Traineeships benefit from having much in common with their older sister, the study programme.

Across the country, colleges are training and preparing staff, engaging in new relationships and refocusing their timetables to bring maths and English to the forefront of students’ learning. Trainees will benefit from this as much as everybody else.

And an army of staff is engaging with employers to develop further the commendable existing relationships to secure meaningful work experience. So, the building blocks of traineeships are most certainly in place already.

However, as is so often the case, the reality of ‘readiness’ depends upon some of the bigger picture issues, and, in this respect, traineeships are no different to many of the other new policy developments that colleges will be grappling with this autumn.

We are told that funding requirements have been relaxed and that requirements for assessment will be flexible, but, of course, we have yet to see what that looks like in practice. As with study programmes, it is worth considering whether arguments will ensue about the elements that are judged most appropriate for any given individual, or whether freedom really does mean genuine autonomy for colleges to decide. What is clear is that colleges are already investing significant time and energy into interpreting the rules that have been published.

Of greater concern is that in no less a place than the Queen’s Speech, the government publicised the view that traineeships and apprenticeships should become ‘the new norm’ for those not going to university.
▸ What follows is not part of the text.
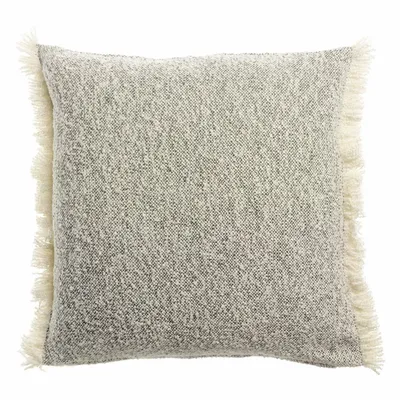 Coussins - Coussin chiné Jane Olive 45 x 45 - MAISON VIVARAISE - SDE VIVARAISE WINKLER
Yet traineeships do not include any compulsion to engage in study towards a vocational qualification. For many in the target market, at level two and below, a vocational qualification is both achievable and appropriate as the experience of general FE colleges amply demonstrates.

Colleges are still unsure what the answer is to the question of how to support a trainee if, after six months, there is no job or apprenticeship for them to progress onto”

Moreover full-time vocational education is not only a route young people and parents understand but one which feels right to them. We would do well not to try and ‘fix’ an area of the system that isn’t broken by focusing on traineeships at the expense of everything else.

Colleges will continue to explain to young people the full range of choices available to them and continue to deliver a full range of vocational qualifications.

Employer engagement, while something we take very seriously, is well documented as complex and employers are difficult to engage. We have no barometer for how willing employers will be to work to enable traineeships at the same time as they are being exhorted to engage more with apprenticeships and adult skills provision.

And, even if they do, colleges are still unsure what the answer is to the question of how to support a trainee if, after six months, there is no job or apprenticeship for them to progress onto.

Finally, the 157 Group’s concern about the quality criteria being (inconsistently) applied to delivery is well documented. For many young people this year, a traineeship will not be a reality on the basis of geography alone. It will once again be left to colleges to deal with their disappointment and confusion.

So – how ready are we? As colleges, impressively so, if you focus on the nuts and bolts of what is undoubtedly a good idea. At a system level however more work is needed to ensure that all the elements of a world class VET system are in place.